**What is required:**
Drop all pictures and repeat exactly the lines from the line holding "Wooden map of" through the end of the records.

Short text fragments from websites
----------

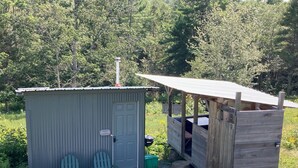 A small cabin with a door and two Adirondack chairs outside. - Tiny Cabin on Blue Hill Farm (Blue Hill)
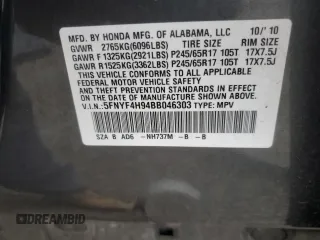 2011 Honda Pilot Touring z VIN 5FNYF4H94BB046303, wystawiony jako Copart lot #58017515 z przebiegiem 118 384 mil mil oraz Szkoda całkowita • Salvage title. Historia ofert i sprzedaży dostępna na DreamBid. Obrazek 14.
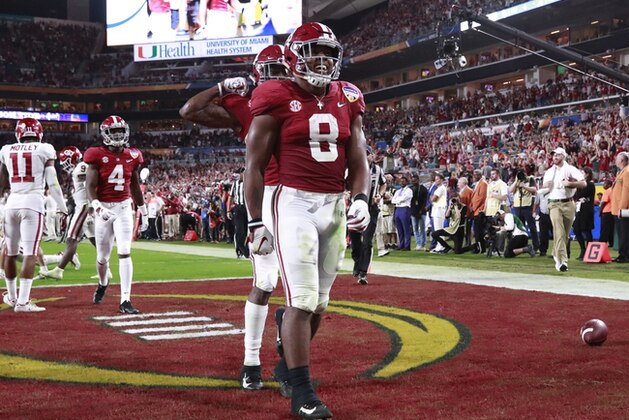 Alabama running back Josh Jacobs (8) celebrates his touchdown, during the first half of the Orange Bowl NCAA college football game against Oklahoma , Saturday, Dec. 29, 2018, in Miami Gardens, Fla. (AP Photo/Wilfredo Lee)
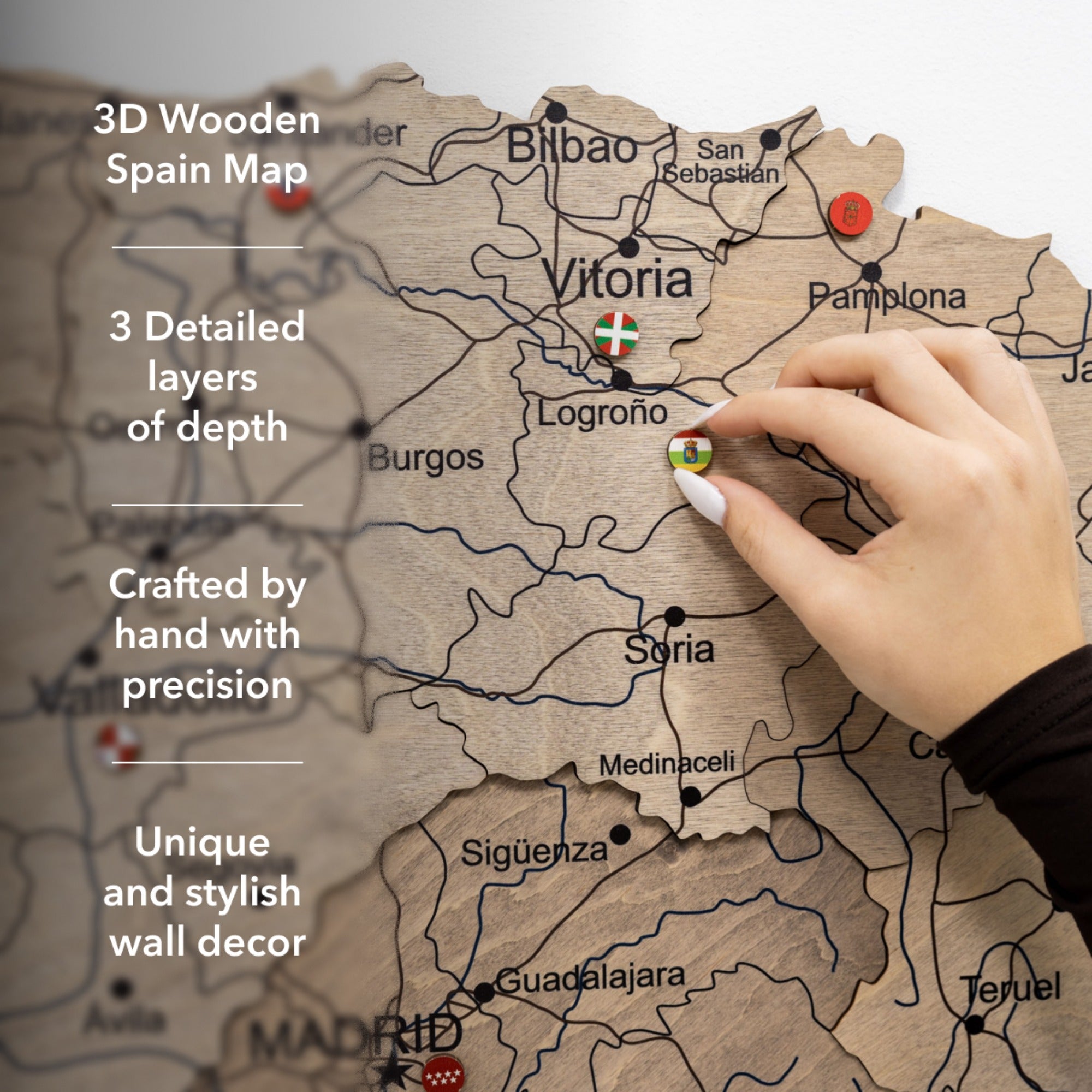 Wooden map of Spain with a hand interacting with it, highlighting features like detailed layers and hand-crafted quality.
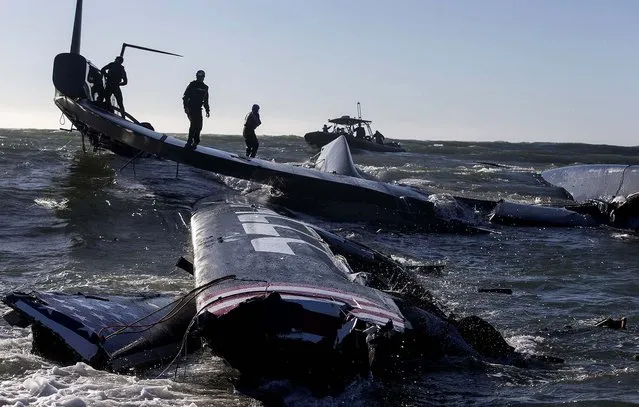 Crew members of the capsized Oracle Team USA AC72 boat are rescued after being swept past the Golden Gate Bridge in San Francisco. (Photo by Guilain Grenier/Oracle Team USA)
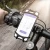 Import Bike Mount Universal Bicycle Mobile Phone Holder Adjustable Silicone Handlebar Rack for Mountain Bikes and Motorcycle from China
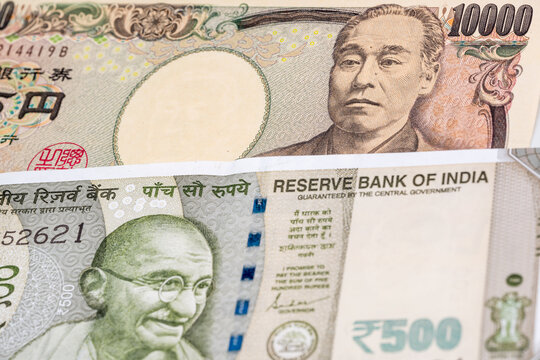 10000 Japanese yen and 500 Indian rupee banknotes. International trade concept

----------

**Answer box:**
 Wooden map of Spain with a hand interacting with it, highlighting features like detailed layers and hand-crafted quality.
 Crew members of the capsized Oracle Team USA AC72 boat are rescued after being swept past the Golden Gate Bridge in San Francisco. (Photo by Guilain Grenier/Oracle Team USA)
 Import Bike Mount Universal Bicycle Mobile Phone Holder Adjustable Silicone Handlebar Rack for Mountain Bikes and Motorcycle from China
 10000 Japanese yen and 500 Indian rupee banknotes. International trade concept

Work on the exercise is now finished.